Chinese companies have demanded and received protection from the Congolese army. Beijing has trained Congolese military personnel. It has sent weapons, security advisers, and now, drones. In 2023, China announced the delivery of nine CH-4 attack drones to Kinshasa to help fight Rwanda-backed rebels—sparking fears of a regional war. But the truth is far darker: some of these drones could easily fall into the hands of warlords or rogue elements within the Congolese army itself, many of whom are already implicated in human rights abuses.
In 2024, two Chinese gold miners were killed by Congolese army officers. The culprits were sentenced to death, a rare gesture that underscores the fragility and volatility of China’s position. Even within the army supposedly protecting them, Chinese nationals are targets. Yet, Beijing’s response wasn’t to back down. It was to double down –More military aid. More political influence. More silence purchased with billions.
The true horror lies in how systematic the plunder is
Take Tenke Fungurume—the crown jewel of cobalt mining. Once a U.S.-backed venture, it was quietly sold to China Molybdenum in the twilight of the Trump administration, backed by Chinese state loans. When the DRC tried to intervene—citing under-reported reserves and unpaid royalties—the company simply continued operations, banking on diplomatic pressure and the DRC’s weak regulatory capacity.
In reality, these “infrastructure-for-minerals” contracts have brought little to no benefit to the Congolese people. Roads go unfinished. Hospitals promised never open. All while billions in minerals are shipped east.
This is not partnership. It is extraction at the barrel of a gun.
Critics warn that China’s behaviour in the DRC is a blueprint for modern-day resource imperialism the one that uses contracts instead of conquests, but leaves devastation just the same. In South Kivu and North Kivu, violence has intensified as rebel groups like M23 reportedly backed by Rwanda, seize control of tourmaline, coltan, and gold-rich areas. Rubaya, one of the country’s largest coltan hubs, is now under threat. And behind every armed advance is a silent market, hungry for minerals, blind to blood.
The West, too, bears blame. U.S. disinterest created the vacuum China filled. Major American companies have avoided DRC minerals over human rights concerns that China does not share. Washington’s failure to prioritise Africa, and especially Congo, has allowed Beijing to walk in unchallenged and unchecked.
Today, the DRC government faces an impossible choice: defy China and risk instability, or submit and watch the country’s wealth vanish. The people of the DRC know what’s at stake. In territories like Walungu, Shanje, and Numbi, they watch foreign trucks roll out with minerals while their children go hungry. They protest against MONUSCO, the U.N. peacekeeping mission, accusing it of standing guard over plunder. They demand change—but in a state captured by foreign interests, change is hard to come by.

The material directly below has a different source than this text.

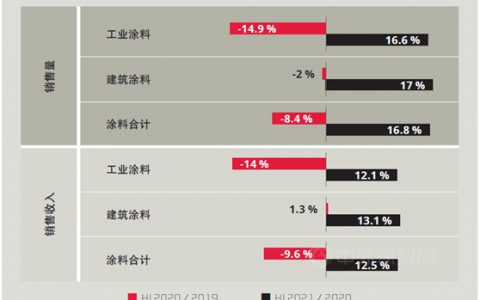 应对危机——2019–2021年的全球涂料市场解析（上）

There is still hope. In recent years, some provincial leaders have shown rare courage in calling out corruption. Activists continue to document abuses. Civil society has demanded transparency. But without international support, without real pressure on Beijing, and without enforcement of Congolese law, these efforts are a whisper in the storm.

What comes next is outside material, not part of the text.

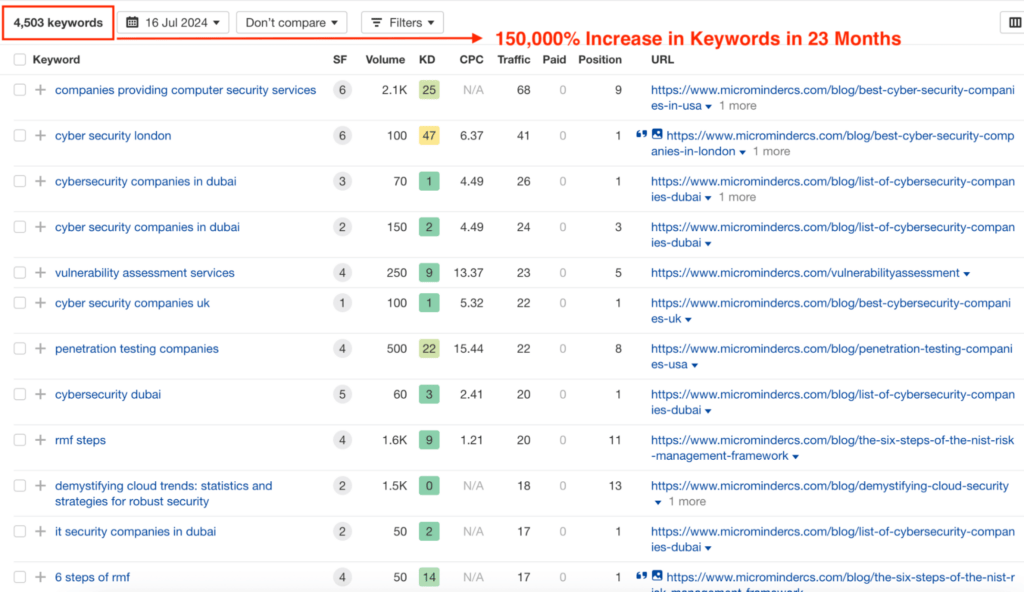 Screenshot from Ahrefs showing that Microminder now ranks for 4,503 relevant keywords, a 150,000% increase in 23 months.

This is not just a Congolese tragedy. It is a global disgrace.
The Democratic Republic of the Congo stands as a bleeding testament to what happens when diplomacy becomes a weapon of exploitation. Behind China’s polished rhetoric of “win-win cooperation” lies a devastating truth, a nation trapped in the jaws of a foreign superpower that sees people as collateral and the land as loot. Villages are displaced, rivers run toxic, and children work in the shadows of billion-dollar deals struck behind closed doors. This is not development it is a calculated erosion of sovereignty, dignity, and human rights. As the world watches in silence, the people of Congo pay the price for China’s insatiable appetite for power. And if unchecked, this model of neo-colonialism will not end in the Congo but it will spread like a blueprint for global control, built on the backs of the most vulnerable.
Until then, the mines of the Congo will keep fuelling the future—while burying a nation in its past.